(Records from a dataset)
· · ·

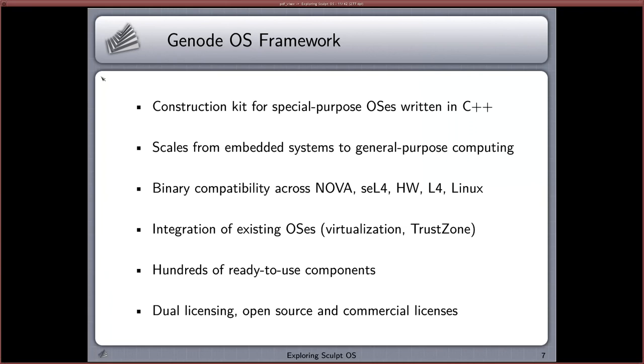The Genode OS framework is also open source. It's dual-licensed: the open source license is AGPL version 3, and commercial license options are also available.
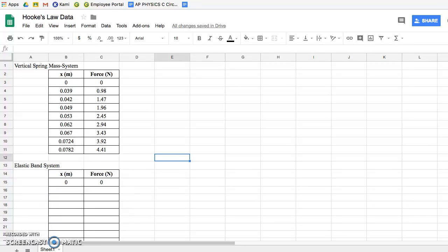If you're watching this video, you should have collected data for the Hooke's Law lab. Your data sheet should look something like what appears on the screen in front of you.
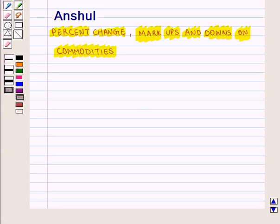Hello and welcome to the session. In this session, we shall discuss percent change, markups and markdowns on commodities.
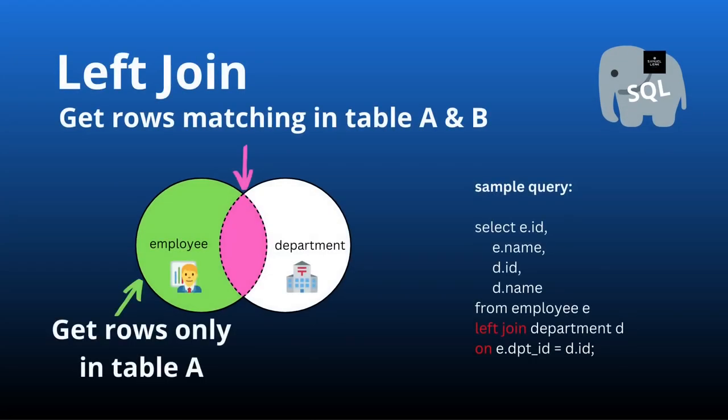In this video we will now explore the left join. The left join is pretty close to the inner join because it still gives us this pink result set which is the inner join result set.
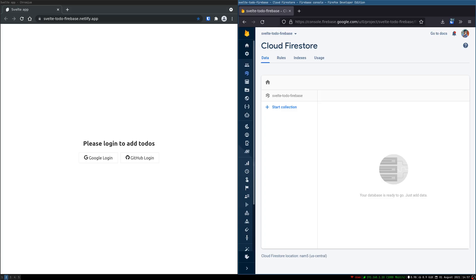Hi guys, welcome to Abjeda. In this one we are going to learn how to do a to-do app using Svelte. We are going to use Firebase as our backend, and we are going to have login for users and they will have their own sessions of to-dos. I want you to subscribe to the channel so that you get the regular updates of this series.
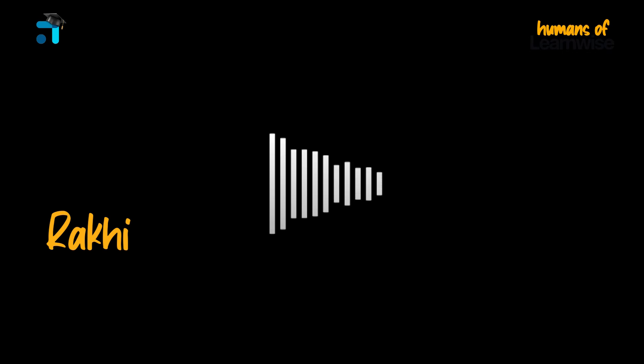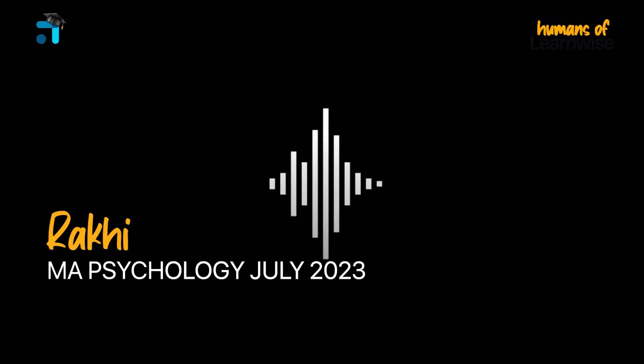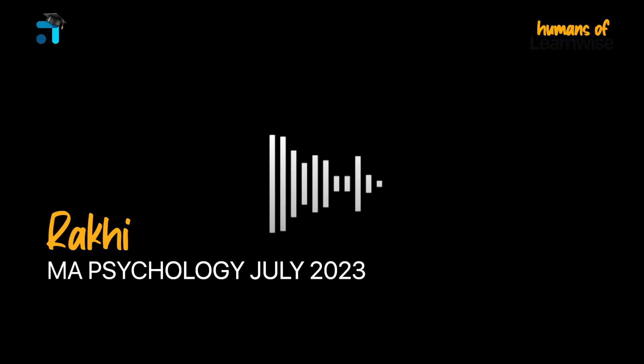Hi everyone, my name is Rakhi. I am July 2023 MA Psychology Batch.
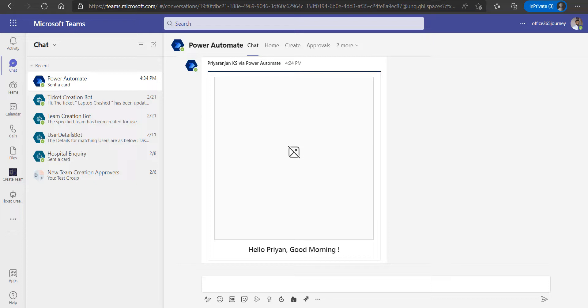We also saw how we can store images in Azure storage as image content within the card. The link to the videos that describe how to use SharePoint document library images and Azure cloud storage images within Adaptive Cards is mentioned in the description.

· · ·

(Your goal) Starting at the line that contains "If you're watching", transcribe each line through the last one of the entries above, exactly and without pictures.

(Finished task)
If you're watching this video, you should have collected data for the Hooke's Law lab. Your data sheet should look something like what appears on the screen in front of you.
Hello and welcome to the session. In this session, we shall discuss percent change, markups and markdowns on commodities.
In this video we will now explore the left join. The left join is pretty close to the inner join because it still gives us this pink result set which is the inner join result set.
Hi guys, welcome to Abjeda. In this one we are going to learn how to do a to-do app using Svelte. We are going to use Firebase as our backend, and we are going to have login for users and they will have their own sessions of to-dos. I want you to subscribe to the channel so that you get the regular updates of this series.
Hi everyone, my name is Rakhi. I am July 2023 MA Psychology Batch.
We also saw how we can store images in Azure storage as image content within the card. The link to the videos that describe how to use SharePoint document library images and Azure cloud storage images within Adaptive Cards is mentioned in the description.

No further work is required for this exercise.